Items from a dataset →
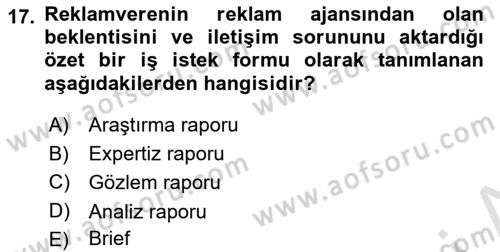 Fotoğraf ve Video Proje Geliştirme Dersi 2020 - 2021 Yılı Yaz Okulu Sınav Soruları 17. Soru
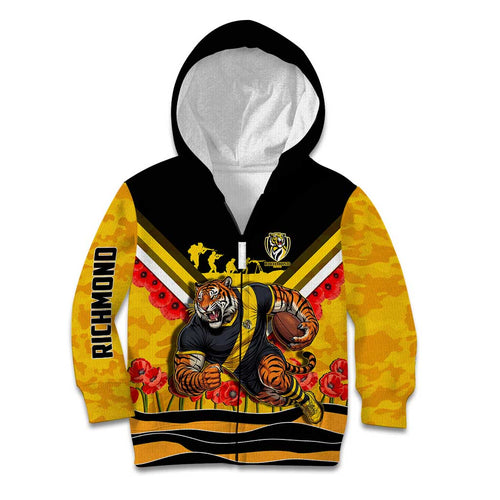 Personalised Richmond Tiger ANZAC Kid Hoodie Military Remembrance Australian Football Mascot Camouflage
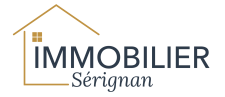 Logo Immobilier Sérignan avec icône maison dorée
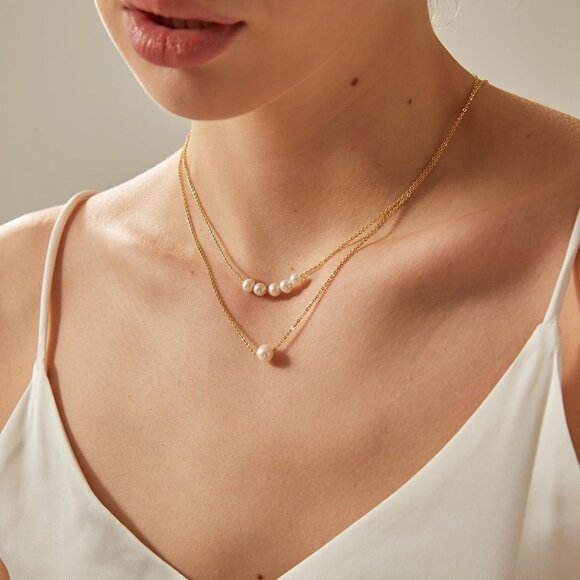 Pearl Necklace for Women- 14K Gold-plated/White Gold-plated Dainty Pearl Necklac - Picture 6 of 7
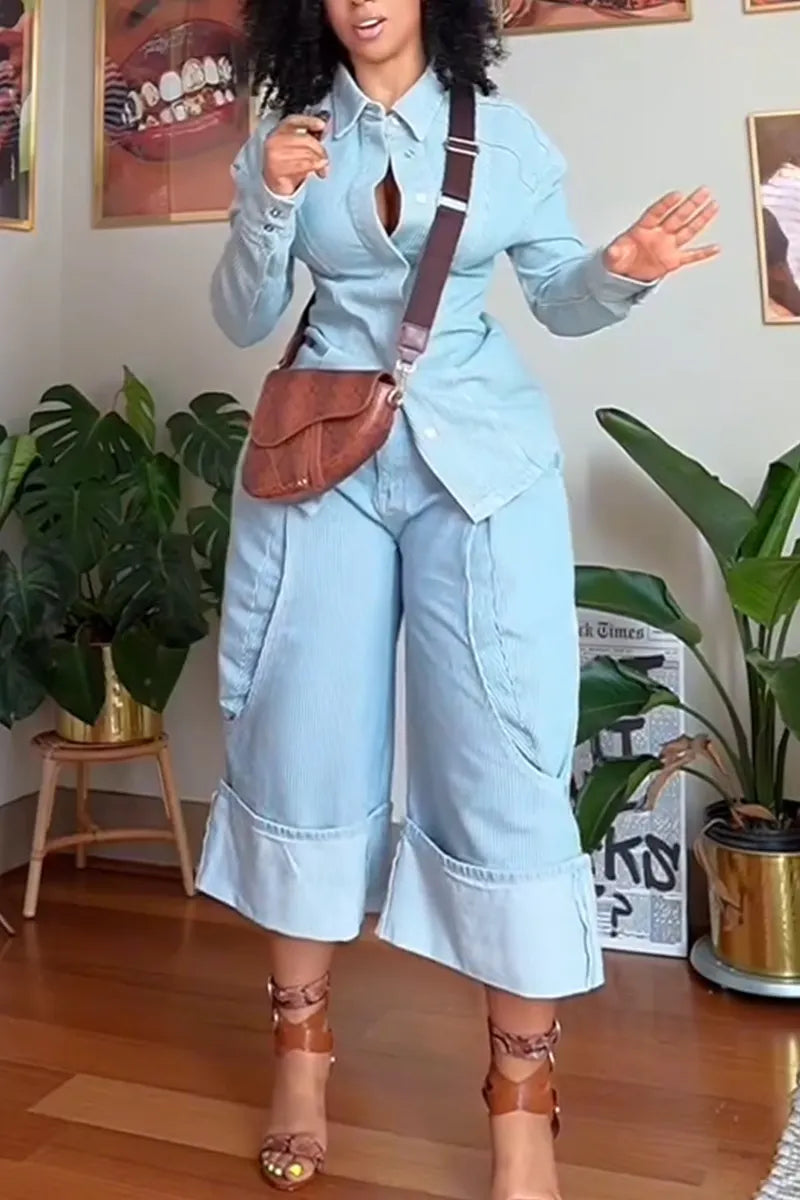Women's Collar Vertical Striped Denim Shirt or Patchwork Jeans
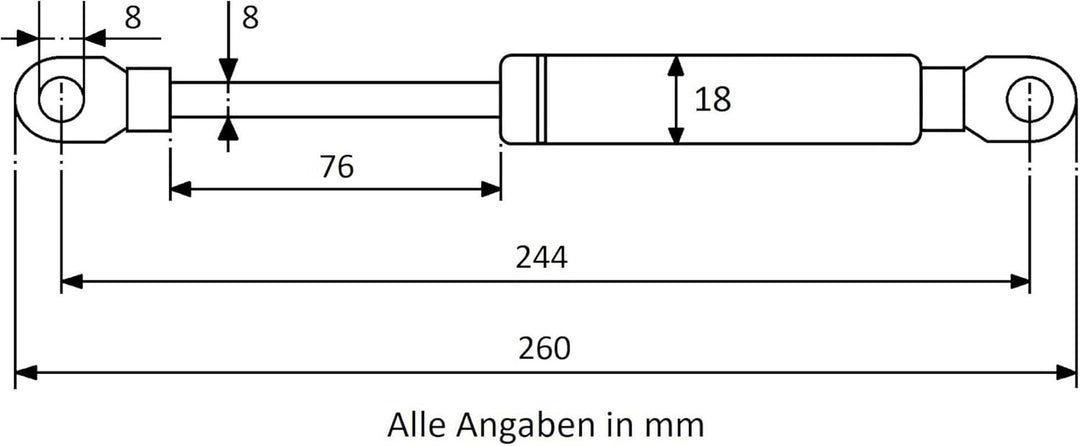 Secuplan Gasdruckfeder 244 mm, 76 mm Hub, 90 N, Ø 8/6 mm, abnehmb. Augen Gasdruckdämpfer, Gasfeder f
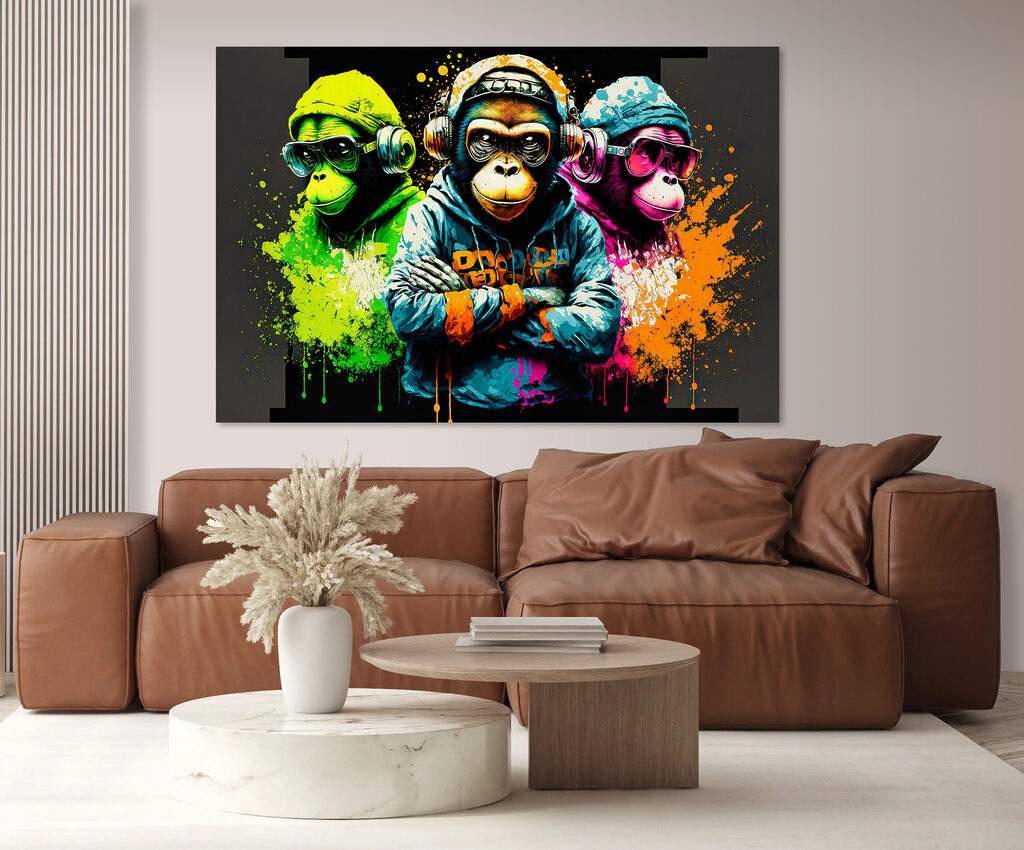 A group of monkeys wearing headphones and hoodies A group of monkeys wearing headphones and hoodies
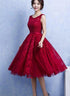 Elegant Tea Length Wine Red Homecoming Dress, Lace Party Dress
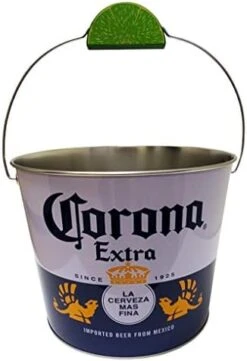 Rona Beverage Bucket With Wire Handle And Lime Grip, White And Blue -Wilton Shop 41bu6lC83PL. AC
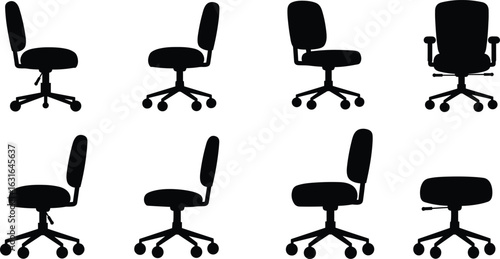 Black silhouette office chair vector icons – adjustable swivel desk chairs with wheels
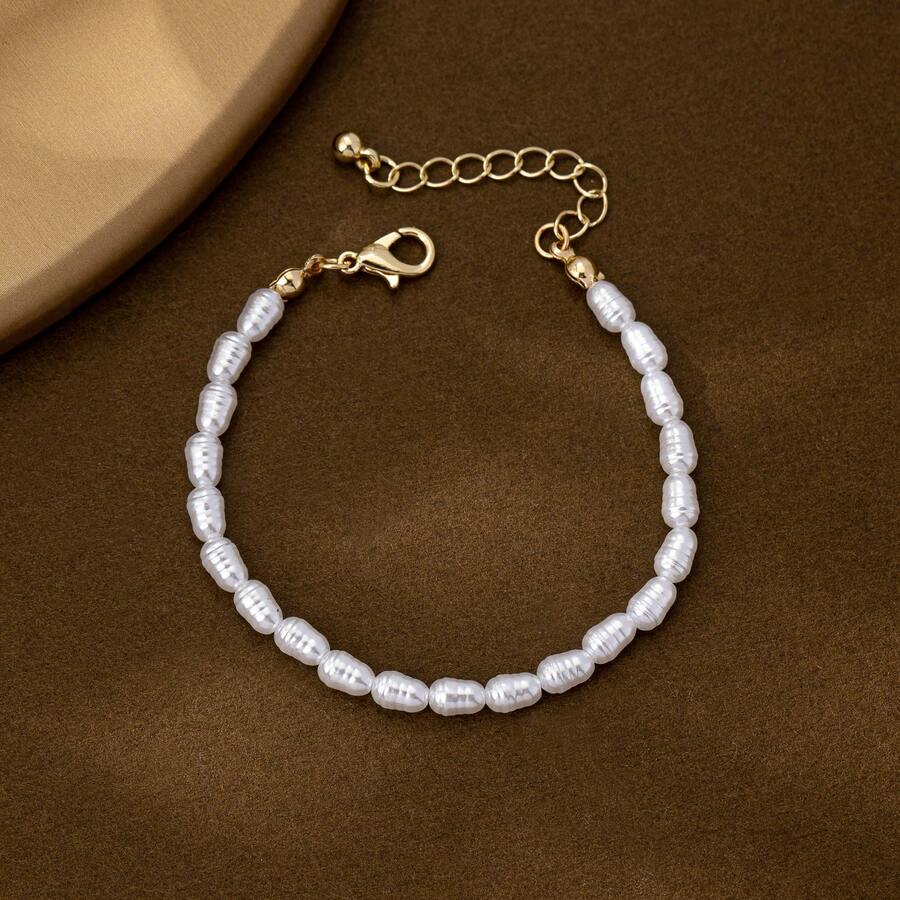 1pc Fashionable, Elegant Acrylic Beaded Pearl Bracelet - White - View 1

WHAT YOU WILL DO →
From the records above, write out exactly the lines that begin at the line with "Personalised Richmond Tiger" and end at the line with "Elegant Tea Length". Pictures must not appear in the output.

FINAL ANSWER →
 Personalised Richmond Tiger ANZAC Kid Hoodie Military Remembrance Australian Football Mascot Camouflage
 Logo Immobilier Sérignan avec icône maison dorée
 Pearl Necklace for Women- 14K Gold-plated/White Gold-plated Dainty Pearl Necklac - Picture 6 of 7
Women's Collar Vertical Striped Denim Shirt or Patchwork Jeans
 Secuplan Gasdruckfeder 244 mm, 76 mm Hub, 90 N, Ø 8/6 mm, abnehmb. Augen Gasdruckdämpfer, Gasfeder f
 A group of monkeys wearing headphones and hoodies A group of monkeys wearing headphones and hoodies
 Elegant Tea Length Wine Red Homecoming Dress, Lace Party Dress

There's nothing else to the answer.